--- Recorded data ---
___
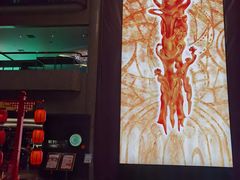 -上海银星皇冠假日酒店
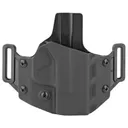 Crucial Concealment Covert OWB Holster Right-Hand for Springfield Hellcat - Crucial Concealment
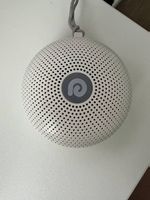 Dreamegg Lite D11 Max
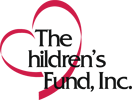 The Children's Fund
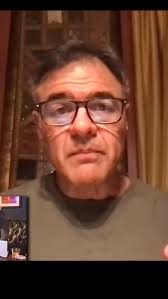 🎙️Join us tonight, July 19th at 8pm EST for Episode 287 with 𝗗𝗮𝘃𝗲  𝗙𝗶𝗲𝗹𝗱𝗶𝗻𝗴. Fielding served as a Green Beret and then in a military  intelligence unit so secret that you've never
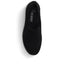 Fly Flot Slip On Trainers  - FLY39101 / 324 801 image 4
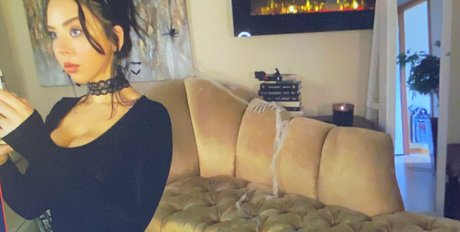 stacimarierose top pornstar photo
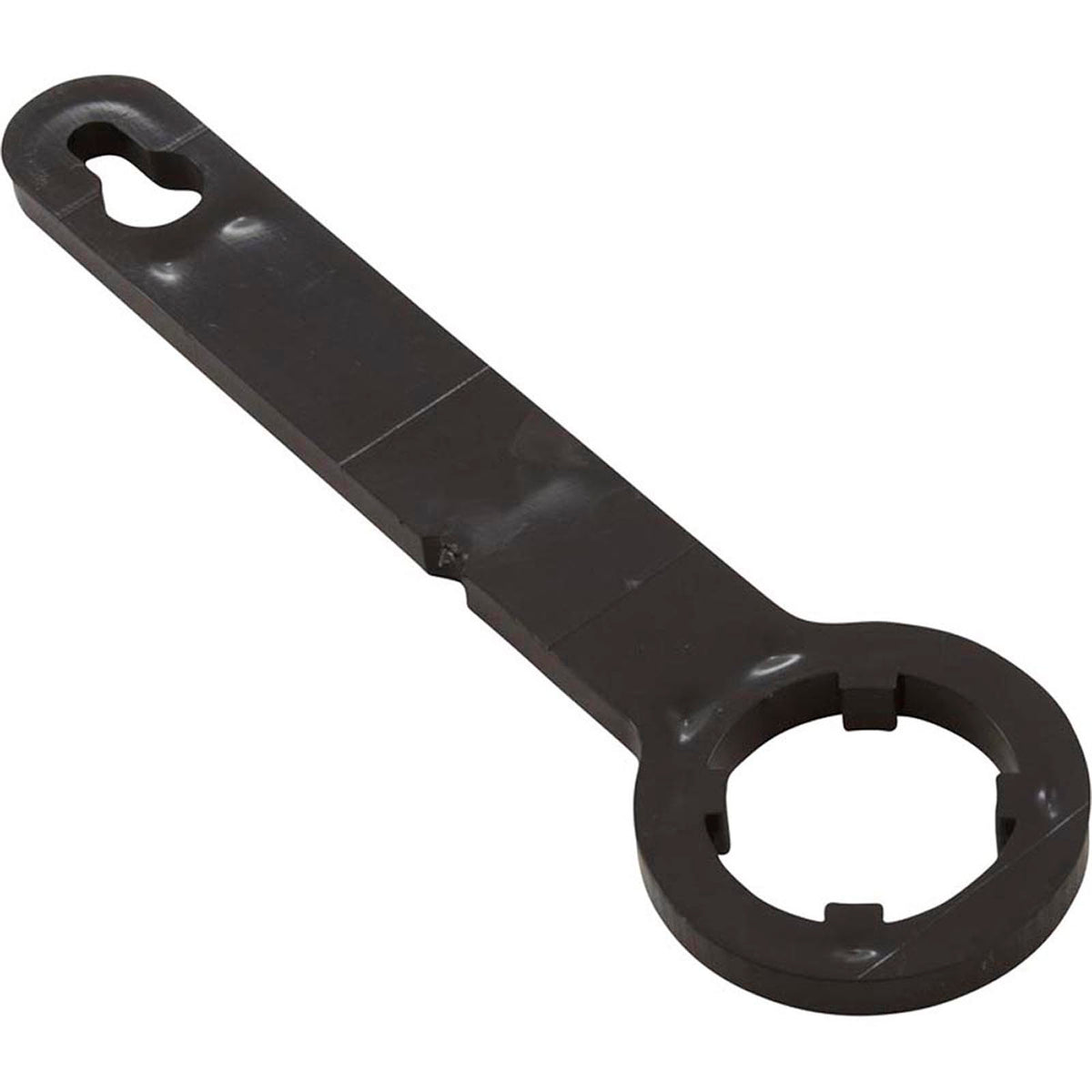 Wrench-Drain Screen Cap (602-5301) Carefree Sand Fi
___
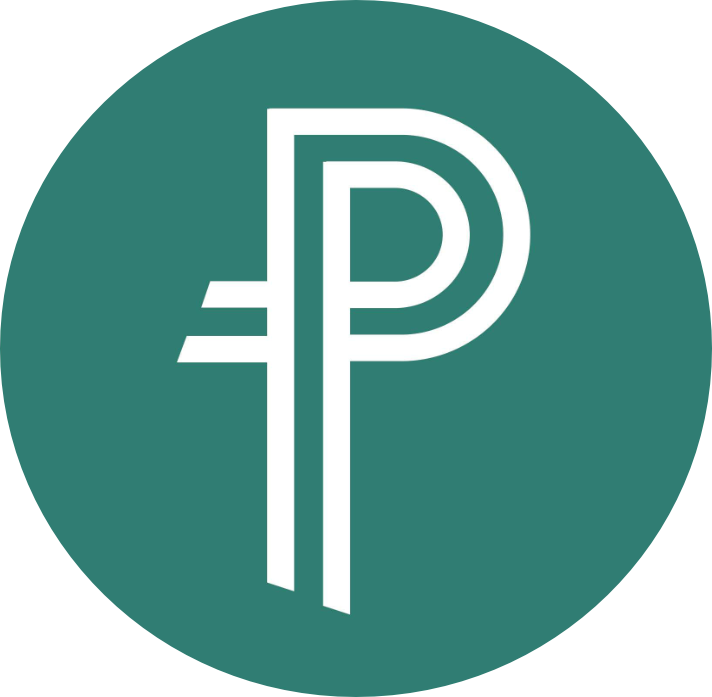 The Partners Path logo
___
--- Exercise objective ---
Treat the line with "that you've never" as the start and the line with "Wrench-Drain Screen Cap" as the end, and return exactly that span of the data above, both ends included, without pictures.

--- Written solution ---
 🎙️Join us tonight, July 19th at 8pm EST for Episode 287 with 𝗗𝗮𝘃𝗲  𝗙𝗶𝗲𝗹𝗱𝗶𝗻𝗴. Fielding served as a Green Beret and then in a military  intelligence unit so secret that you've never
 Fly Flot Slip On Trainers  - FLY39101 / 324 801 image 4
 stacimarierose top pornstar photo
 Wrench-Drain Screen Cap (602-5301) Carefree Sand Fi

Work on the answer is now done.